* [Data provided]

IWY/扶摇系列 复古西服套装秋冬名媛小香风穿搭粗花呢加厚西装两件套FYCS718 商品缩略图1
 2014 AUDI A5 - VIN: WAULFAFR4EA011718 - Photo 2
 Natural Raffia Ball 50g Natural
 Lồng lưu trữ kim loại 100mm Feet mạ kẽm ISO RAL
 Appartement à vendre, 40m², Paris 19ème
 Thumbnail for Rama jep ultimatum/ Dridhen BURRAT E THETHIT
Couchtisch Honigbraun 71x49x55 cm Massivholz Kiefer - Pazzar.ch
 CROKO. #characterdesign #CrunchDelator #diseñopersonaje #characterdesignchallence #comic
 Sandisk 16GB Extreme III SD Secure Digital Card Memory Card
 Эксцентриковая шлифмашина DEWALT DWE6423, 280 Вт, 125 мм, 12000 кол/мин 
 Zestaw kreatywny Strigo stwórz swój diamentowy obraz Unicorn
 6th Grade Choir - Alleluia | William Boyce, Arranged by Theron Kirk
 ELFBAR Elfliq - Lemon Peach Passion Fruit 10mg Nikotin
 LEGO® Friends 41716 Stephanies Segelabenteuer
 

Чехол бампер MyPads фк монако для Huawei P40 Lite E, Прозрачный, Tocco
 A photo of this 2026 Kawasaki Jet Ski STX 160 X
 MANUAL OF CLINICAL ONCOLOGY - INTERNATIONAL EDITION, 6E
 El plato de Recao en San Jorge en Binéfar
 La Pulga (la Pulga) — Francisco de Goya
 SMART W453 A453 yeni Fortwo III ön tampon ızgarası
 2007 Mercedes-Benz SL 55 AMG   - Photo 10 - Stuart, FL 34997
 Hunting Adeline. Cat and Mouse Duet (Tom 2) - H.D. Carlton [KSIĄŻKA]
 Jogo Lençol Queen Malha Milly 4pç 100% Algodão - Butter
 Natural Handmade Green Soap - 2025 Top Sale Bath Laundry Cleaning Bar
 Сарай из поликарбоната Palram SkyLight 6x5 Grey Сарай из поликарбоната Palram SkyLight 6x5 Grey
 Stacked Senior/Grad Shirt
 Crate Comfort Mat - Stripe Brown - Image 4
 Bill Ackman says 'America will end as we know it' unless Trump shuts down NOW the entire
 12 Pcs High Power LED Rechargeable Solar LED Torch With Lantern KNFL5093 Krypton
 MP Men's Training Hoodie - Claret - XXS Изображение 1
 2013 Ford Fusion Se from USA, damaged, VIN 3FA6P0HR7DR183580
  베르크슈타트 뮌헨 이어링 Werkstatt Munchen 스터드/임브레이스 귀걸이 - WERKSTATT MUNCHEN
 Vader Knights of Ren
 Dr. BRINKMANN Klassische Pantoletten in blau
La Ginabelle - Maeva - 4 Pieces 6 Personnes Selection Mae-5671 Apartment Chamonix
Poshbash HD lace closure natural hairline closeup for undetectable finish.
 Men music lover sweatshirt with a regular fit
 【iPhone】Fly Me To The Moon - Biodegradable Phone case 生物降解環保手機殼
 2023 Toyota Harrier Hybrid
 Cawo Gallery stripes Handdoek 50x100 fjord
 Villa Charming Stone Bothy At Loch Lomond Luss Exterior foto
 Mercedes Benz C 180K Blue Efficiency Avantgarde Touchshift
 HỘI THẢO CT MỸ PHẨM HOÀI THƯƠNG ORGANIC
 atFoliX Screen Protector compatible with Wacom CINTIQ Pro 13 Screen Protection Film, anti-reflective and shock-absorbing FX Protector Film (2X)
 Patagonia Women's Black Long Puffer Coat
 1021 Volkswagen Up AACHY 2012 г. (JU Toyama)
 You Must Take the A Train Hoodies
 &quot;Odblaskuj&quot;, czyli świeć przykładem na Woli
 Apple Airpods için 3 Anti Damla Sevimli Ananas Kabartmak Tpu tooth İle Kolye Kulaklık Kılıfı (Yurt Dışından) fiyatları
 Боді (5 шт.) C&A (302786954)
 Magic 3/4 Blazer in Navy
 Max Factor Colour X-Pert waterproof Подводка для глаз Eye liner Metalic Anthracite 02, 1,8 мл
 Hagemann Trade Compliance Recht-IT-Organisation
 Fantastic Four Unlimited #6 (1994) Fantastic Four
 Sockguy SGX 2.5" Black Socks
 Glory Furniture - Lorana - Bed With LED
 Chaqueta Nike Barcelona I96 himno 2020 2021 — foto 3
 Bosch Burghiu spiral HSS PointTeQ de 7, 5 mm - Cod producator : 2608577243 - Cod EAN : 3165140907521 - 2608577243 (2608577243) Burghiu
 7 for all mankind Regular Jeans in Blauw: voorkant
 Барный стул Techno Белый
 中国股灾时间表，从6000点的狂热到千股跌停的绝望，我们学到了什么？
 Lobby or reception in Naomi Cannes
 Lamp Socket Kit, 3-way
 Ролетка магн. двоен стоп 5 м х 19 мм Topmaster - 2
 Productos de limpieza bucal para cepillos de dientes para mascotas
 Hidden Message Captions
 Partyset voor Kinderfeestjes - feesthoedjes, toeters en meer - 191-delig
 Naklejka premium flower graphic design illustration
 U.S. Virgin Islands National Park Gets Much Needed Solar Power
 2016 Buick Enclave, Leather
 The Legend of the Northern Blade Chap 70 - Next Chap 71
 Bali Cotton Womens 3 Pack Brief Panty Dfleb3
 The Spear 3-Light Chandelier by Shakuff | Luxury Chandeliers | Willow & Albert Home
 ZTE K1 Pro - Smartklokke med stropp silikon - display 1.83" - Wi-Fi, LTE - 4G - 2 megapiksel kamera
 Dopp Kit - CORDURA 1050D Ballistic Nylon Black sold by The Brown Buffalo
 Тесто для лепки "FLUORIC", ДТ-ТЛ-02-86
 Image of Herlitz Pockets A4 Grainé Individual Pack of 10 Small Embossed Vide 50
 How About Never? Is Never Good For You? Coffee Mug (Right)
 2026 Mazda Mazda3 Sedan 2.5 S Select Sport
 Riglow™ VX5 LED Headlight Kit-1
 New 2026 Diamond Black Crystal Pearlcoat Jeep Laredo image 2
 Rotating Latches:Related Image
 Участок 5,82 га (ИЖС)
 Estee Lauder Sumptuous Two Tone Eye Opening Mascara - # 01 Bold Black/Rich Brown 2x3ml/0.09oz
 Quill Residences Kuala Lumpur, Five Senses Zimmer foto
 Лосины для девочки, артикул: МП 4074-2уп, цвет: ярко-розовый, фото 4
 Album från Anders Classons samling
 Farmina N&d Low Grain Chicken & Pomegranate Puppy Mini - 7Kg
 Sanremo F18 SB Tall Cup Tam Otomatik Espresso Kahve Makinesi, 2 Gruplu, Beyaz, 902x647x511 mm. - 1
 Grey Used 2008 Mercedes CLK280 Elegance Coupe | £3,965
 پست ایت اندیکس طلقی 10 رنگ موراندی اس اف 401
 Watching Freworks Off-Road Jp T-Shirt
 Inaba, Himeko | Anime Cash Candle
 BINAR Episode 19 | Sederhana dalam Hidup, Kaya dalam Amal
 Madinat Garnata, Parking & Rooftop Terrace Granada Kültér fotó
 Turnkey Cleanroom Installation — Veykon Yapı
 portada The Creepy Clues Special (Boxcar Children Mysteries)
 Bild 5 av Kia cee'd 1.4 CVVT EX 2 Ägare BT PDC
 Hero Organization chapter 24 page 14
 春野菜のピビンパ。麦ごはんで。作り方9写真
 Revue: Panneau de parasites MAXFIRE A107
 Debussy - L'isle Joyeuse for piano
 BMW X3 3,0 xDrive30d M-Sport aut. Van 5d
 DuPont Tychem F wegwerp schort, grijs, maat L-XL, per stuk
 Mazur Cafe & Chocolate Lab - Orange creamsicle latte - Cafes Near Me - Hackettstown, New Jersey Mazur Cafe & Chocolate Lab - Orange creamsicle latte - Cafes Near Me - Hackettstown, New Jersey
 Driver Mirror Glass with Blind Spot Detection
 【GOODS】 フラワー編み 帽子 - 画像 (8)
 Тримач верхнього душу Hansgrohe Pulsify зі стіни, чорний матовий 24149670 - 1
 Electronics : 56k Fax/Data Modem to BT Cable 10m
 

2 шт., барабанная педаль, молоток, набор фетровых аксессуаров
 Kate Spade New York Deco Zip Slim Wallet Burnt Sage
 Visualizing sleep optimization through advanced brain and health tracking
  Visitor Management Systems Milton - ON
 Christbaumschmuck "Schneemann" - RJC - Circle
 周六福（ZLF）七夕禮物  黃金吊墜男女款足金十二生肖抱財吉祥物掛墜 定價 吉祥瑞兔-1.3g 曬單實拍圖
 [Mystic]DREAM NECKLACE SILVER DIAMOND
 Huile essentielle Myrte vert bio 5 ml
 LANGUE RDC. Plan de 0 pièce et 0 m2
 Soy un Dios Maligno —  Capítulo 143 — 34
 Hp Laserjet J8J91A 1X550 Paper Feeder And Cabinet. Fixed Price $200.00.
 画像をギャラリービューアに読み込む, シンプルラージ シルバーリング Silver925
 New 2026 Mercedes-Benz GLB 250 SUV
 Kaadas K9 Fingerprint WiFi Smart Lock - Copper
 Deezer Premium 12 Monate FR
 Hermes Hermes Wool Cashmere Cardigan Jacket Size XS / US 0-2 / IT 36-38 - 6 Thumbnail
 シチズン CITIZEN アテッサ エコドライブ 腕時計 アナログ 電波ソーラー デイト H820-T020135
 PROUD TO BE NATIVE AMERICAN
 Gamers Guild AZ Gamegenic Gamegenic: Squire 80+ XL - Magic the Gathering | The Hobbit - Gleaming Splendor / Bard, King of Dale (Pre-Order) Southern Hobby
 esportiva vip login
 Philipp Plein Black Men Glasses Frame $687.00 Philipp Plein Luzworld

* [Task objective]
What you return must be an exact retyping of the lines above starting at the line with "Sanremo F18 SB" and ending at the line with "BMW X3 3,0 xDrive30d M-Sport aut. Van 5d", and nothing besides.

* [Your response]
 Sanremo F18 SB Tall Cup Tam Otomatik Espresso Kahve Makinesi, 2 Gruplu, Beyaz, 902x647x511 mm. - 1
 Grey Used 2008 Mercedes CLK280 Elegance Coupe | £3,965
 پست ایت اندیکس طلقی 10 رنگ موراندی اس اف 401
 Watching Freworks Off-Road Jp T-Shirt
 Inaba, Himeko | Anime Cash Candle
 BINAR Episode 19 | Sederhana dalam Hidup, Kaya dalam Amal
 Madinat Garnata, Parking & Rooftop Terrace Granada Kültér fotó
 Turnkey Cleanroom Installation — Veykon Yapı
 portada The Creepy Clues Special (Boxcar Children Mysteries)
 Bild 5 av Kia cee'd 1.4 CVVT EX 2 Ägare BT PDC
 Hero Organization chapter 24 page 14
 春野菜のピビンパ。麦ごはんで。作り方9写真
 Revue: Panneau de parasites MAXFIRE A107
 Debussy - L'isle Joyeuse for piano
 BMW X3 3,0 xDrive30d M-Sport aut. Van 5d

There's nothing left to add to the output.